Par des mémoires en défense, enregistrés les 21 octobre 2022, 2 décembre 2022 et 27 janvier 2023, Mme C..., représentée par Me Raphaël Tachon, conclut, dans le dernier état de ses écritures :

1°) à la confirmation du jugement attaqué, sauf à porter le montant de la condamnation prononcée à l'encontre de la commune de Licques en réparation des préjudices résultant du défaut d'entretien de la voûte du pont passant sous sa propriété à 47 722 euros ;

2°) à ce que l'injonction prononcée par le tribunal administratif de Lille soit assortie d'une astreinte de 1 000 euros par jour de retard à compter de la notification de l'arrêt à intervenir ;

3°) à ce que le versement d'une somme de 2 400 euros soit mis à la charge de la commune de Licques au titre de l'article L. 761-1 du code de justice administrative.

Elle fait valoir que :

- elle a régulièrement lié le contentieux par son courrier du 11 mars 2015 quand bien même le montant de l'indemnité qu'elle sollicitait alors et les préjudices qu'elle invoquait n'étaient pas parfaitement identiques à ceux de sa demande devant le tribunal ;

- le Sanghem étant utilisé par la commune pour recueillir les eaux pluviales en provenance de plusieurs rues, ce cours d'eau et l'ouvrage maçonné à l'origine du dommage constituent des ouvrages publics dont l'entretien incombe à la commune ;

- ses conclusions indemnitaires avaient un lien suffisant avec ses conclusions à fin d'annulation de l'arrêté du 28 novembre 2014 pour pouvoir être soulevées dans le cadre de la même instance, ainsi que la cour l'a déjà jugé dans son arrêt du 22 décembre 2020 ;

- la responsabilité sans faute de la commune de Licques est engagée dès lors qu'elle a la qualité de tiers par rapport à l'ouvrage et que les effondrements dont elle a été victime ont pour origine l'absence d'entretien de l'ouvrage, ainsi que l'expert l'a relevé dans son rapport ;

- elle est fondée à solliciter, en réparation des préjudices subis, les indemnités suivantes : 348 euros au titre des travaux qu'elle a réalisés afin de conforter son habitation ; 962 euros au titre des frais engagés pour reloger son locataire ; 36 400 euros représentatifs des loyers qu'elle aurait dû percevoir entre mai 2018 et janvier 2023 si elle avait pu remettre son bien en location ; 10 000 euros au titre de ses troubles dans les conditions d'existence et du préjudice moral ;

- elle est en outre fondée à demander la condamnation de la commune à lui verser une somme de 54 000 euros afin qu'elle puisse faire réaliser, en ses lieux et place, les travaux nécessaires au niveau de la voûte aménagée sous sa propriété.

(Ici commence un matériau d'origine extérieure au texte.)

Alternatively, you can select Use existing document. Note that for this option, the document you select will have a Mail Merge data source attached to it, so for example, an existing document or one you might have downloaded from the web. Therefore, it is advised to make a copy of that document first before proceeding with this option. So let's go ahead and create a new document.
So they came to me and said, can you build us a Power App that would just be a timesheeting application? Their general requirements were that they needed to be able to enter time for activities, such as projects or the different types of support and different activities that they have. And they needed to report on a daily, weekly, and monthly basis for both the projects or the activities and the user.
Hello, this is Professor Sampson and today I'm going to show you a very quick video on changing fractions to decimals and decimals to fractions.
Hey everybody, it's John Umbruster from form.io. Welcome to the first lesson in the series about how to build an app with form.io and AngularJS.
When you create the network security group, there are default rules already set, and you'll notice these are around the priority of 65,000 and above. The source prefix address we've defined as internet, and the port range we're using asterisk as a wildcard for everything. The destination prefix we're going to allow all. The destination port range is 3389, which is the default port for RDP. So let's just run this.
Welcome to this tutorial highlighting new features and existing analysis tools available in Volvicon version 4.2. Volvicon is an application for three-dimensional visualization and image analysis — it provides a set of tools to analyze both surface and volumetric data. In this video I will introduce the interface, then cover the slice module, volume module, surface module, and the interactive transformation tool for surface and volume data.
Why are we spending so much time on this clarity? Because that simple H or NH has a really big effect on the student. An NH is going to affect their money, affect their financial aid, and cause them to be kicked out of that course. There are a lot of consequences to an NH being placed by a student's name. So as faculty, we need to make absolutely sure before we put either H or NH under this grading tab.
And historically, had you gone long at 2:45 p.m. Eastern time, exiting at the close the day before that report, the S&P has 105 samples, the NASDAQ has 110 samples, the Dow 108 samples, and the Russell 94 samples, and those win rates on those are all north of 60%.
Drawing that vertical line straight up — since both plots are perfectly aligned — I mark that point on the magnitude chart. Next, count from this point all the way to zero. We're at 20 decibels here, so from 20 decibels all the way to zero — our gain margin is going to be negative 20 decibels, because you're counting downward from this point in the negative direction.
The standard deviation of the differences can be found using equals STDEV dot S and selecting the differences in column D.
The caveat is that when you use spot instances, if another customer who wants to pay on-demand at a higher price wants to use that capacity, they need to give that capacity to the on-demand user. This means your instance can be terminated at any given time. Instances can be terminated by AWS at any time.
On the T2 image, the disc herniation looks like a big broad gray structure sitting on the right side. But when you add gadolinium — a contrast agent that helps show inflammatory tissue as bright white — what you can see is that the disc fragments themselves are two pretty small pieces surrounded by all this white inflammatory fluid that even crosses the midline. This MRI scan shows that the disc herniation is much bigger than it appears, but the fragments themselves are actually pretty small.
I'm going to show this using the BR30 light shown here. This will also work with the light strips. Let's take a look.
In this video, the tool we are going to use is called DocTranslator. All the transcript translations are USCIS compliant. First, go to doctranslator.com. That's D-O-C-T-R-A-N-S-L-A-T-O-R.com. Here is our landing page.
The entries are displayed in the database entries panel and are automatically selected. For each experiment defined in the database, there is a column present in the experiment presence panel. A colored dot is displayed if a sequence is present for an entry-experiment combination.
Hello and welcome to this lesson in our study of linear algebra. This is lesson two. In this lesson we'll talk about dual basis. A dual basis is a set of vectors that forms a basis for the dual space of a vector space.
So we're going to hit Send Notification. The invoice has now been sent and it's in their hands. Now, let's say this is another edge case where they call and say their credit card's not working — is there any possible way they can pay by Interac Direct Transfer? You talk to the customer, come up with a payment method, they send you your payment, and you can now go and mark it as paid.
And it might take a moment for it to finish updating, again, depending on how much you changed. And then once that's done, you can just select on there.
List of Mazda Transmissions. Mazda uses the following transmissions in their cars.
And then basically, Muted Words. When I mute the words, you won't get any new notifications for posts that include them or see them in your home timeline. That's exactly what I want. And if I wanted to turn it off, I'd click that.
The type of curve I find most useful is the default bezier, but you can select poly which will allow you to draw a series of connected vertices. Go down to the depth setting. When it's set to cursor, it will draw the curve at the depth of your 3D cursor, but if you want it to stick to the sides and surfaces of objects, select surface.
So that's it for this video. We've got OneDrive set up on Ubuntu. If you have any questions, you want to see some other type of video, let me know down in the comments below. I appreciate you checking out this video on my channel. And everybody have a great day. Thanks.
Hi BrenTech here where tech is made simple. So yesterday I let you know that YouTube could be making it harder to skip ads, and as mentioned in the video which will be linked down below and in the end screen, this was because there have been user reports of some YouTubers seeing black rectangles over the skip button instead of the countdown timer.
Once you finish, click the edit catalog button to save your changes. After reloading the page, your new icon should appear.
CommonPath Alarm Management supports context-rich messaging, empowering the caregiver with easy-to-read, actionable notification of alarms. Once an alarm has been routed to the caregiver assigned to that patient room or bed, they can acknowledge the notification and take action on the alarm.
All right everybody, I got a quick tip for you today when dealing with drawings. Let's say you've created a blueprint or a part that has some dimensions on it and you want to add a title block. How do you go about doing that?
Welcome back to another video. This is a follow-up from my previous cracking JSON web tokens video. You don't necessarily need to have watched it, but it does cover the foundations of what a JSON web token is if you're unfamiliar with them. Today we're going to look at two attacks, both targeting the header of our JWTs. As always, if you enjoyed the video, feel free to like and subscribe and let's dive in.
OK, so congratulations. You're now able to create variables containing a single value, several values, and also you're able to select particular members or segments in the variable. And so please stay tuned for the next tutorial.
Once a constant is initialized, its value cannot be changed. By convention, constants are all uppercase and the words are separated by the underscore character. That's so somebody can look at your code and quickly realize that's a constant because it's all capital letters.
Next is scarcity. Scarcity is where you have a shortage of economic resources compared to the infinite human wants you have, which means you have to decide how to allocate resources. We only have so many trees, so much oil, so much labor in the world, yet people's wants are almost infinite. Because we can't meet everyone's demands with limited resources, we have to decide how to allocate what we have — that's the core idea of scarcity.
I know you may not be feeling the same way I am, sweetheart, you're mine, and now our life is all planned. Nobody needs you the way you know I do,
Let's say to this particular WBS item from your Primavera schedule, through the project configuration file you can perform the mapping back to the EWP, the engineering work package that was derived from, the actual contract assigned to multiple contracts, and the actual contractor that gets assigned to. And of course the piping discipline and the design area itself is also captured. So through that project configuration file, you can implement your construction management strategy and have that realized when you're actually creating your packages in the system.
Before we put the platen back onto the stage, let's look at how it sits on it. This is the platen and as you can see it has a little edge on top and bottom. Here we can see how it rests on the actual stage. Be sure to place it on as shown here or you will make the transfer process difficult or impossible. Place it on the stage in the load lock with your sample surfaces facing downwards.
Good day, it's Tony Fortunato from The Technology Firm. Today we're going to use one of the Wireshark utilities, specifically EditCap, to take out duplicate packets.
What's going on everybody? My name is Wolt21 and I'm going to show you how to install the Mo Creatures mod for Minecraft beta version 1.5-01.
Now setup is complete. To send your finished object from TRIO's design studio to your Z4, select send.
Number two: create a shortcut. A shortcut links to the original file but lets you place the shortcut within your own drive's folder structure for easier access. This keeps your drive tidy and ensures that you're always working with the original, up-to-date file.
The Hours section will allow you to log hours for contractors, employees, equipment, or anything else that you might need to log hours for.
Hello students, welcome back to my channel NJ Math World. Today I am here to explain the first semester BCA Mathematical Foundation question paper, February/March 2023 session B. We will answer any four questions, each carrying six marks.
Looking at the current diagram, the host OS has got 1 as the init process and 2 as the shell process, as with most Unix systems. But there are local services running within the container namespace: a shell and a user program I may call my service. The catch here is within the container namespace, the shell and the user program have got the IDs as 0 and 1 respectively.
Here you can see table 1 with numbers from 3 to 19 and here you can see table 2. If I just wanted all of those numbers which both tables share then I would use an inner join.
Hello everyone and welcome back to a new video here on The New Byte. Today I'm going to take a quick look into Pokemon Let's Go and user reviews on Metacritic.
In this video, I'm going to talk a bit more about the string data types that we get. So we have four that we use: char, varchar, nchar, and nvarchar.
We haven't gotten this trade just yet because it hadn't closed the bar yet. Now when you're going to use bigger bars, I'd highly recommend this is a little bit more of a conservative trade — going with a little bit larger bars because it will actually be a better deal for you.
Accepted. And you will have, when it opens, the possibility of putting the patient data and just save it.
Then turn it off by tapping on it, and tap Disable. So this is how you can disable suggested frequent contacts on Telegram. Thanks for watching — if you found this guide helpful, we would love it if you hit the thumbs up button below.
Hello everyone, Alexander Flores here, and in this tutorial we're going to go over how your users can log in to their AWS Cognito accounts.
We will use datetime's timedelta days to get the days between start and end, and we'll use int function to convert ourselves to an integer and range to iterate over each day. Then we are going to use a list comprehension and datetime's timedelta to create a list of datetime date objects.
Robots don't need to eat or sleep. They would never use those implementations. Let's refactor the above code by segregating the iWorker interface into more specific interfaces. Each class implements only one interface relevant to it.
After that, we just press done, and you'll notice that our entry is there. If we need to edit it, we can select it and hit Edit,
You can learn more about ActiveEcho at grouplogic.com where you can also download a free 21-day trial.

Par un mémoire en défense, enregistré le 1er décembre 2022, le département du Pas-de-Calais, représenté par Me Jean-Sébastien Deloziere, conclut au rejet des conclusions d'appel que la commune de Licques dirige contre lui et à ce que le versement d'une somme de 2 000 euros soit mis à la charge de celle-ci au titre de l'article L. 761-1 du code de justice administrative.

Il fait valoir que :

- la voûte aménagée en surplomb du Sanghem et passant notamment sous la propriété de Mme C... est affectée au service public de collecte des eaux pluviales de la commune et constitue, par suite, un ouvrage public municipal ;

- elle est dès lors insusceptible d'engager la responsabilité du département ou de l'obliger à garantir la commune des condamnations susceptibles d'être prononcées à son encontre ;

- en tout état de cause, la demande en garantie présentée par la commune est prescrite.

Par ordonnance du 5 janvier 2023, la date de clôture de l'instruction a été fixée au 20 février 2023 à 12 heures.

Vu les autres pièces du dossier.

Vu :

- le code de l'environnement ;

- le décret n° 2016-1480 du 2 novembre 2016 ;

- le code de justice administrative.

Les parties ont été régulièrement averties du jour de l'audience.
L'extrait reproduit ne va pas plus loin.